At this meeting, we reported data on the HER2-negative cohort where we have analyzed the germline BRCA status, and we wanted to find out how prognoses of patients with a pCR is somehow dependent on the BRCA status, as this was initially reported by a small retrospective monocentric cohort study from Israel. What we see is that the mutant patients may have somewhat have more relapses despite having a pCR but, in this study which included almost 700 patients where we had the germline BRCA information available, there was no clear significant difference in this. We believe that pCR is a relevant prognostic marker in all of these patients, independently of the BRCA status.We have seen that those patients who received lapatinib instead of trastuzumab had significantly lower pCR rates and we are reporting survival data that does not show a significant inferior survival for the lapatinib arm.

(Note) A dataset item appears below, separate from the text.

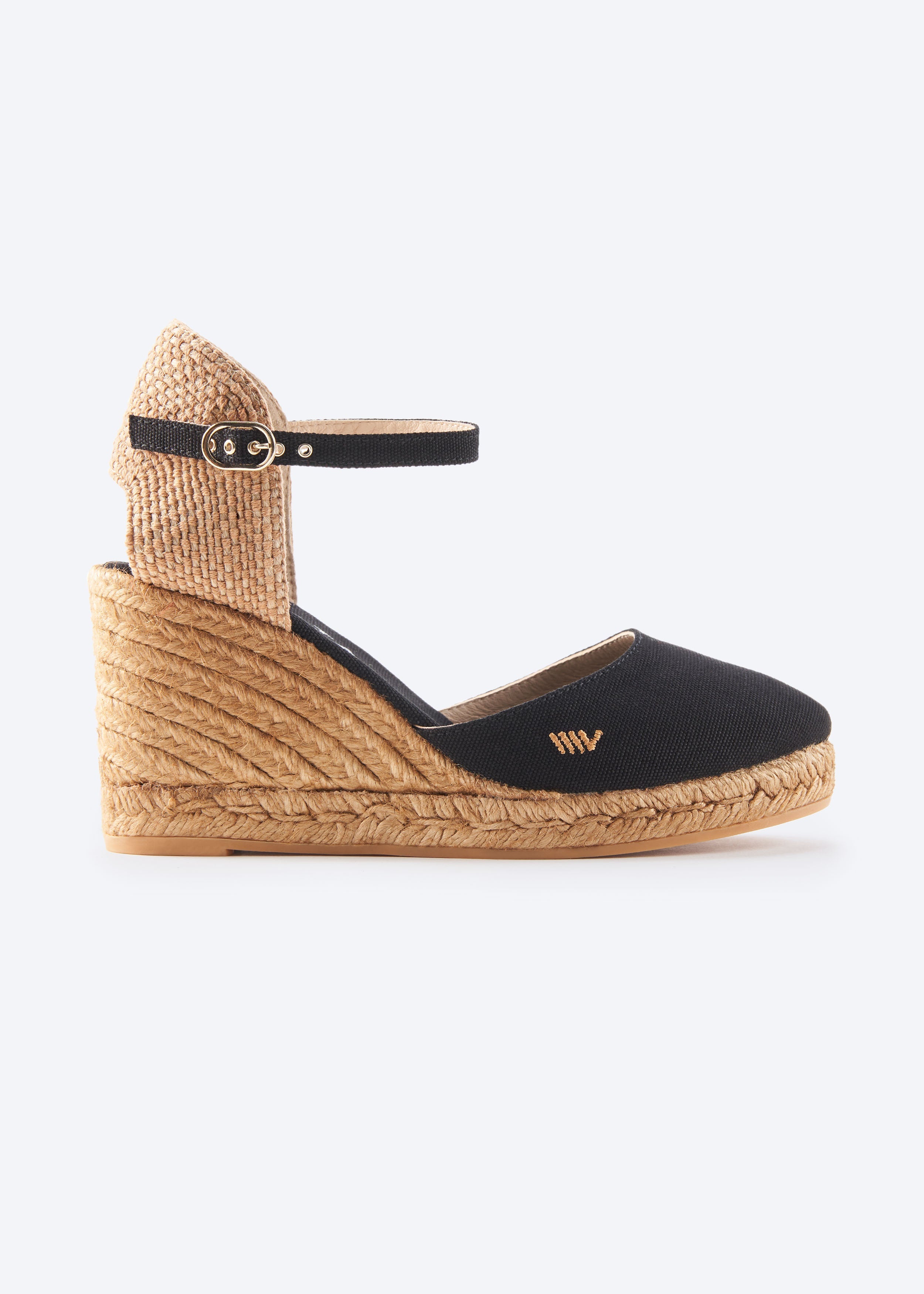 Buy Satuna Canvas Espadrille Wedges by Viscata
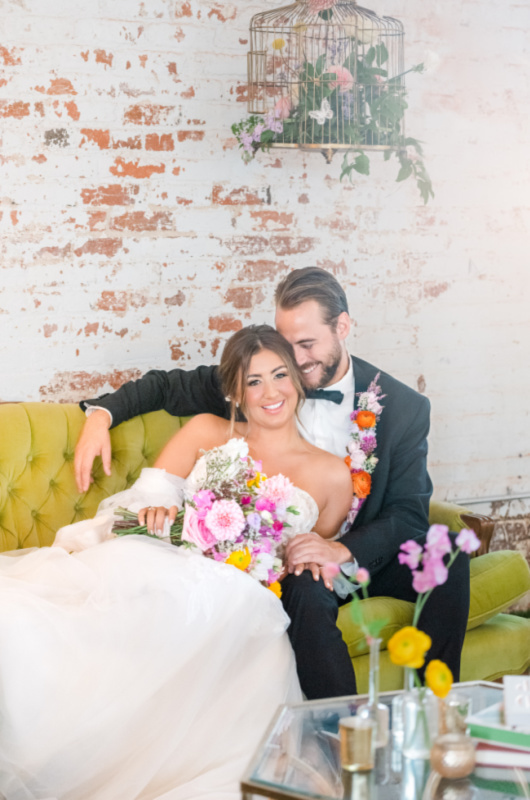 Styled Shoots By Southern Bride Charleston Cedar Room couple sitting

However, two aspects have to be considered. The trial was never powered to show survival effects, so the lapatinib curve is somewhat below the trastuzumab curve, but not significantly. On the other hand, the patients in the lapatinib arm received trastuzumab after surgery, so it is not a pure trastuzumab versus lapatinib comparison; it is a trastuzumab versus lapatinib followed up by trastuzumab comparison.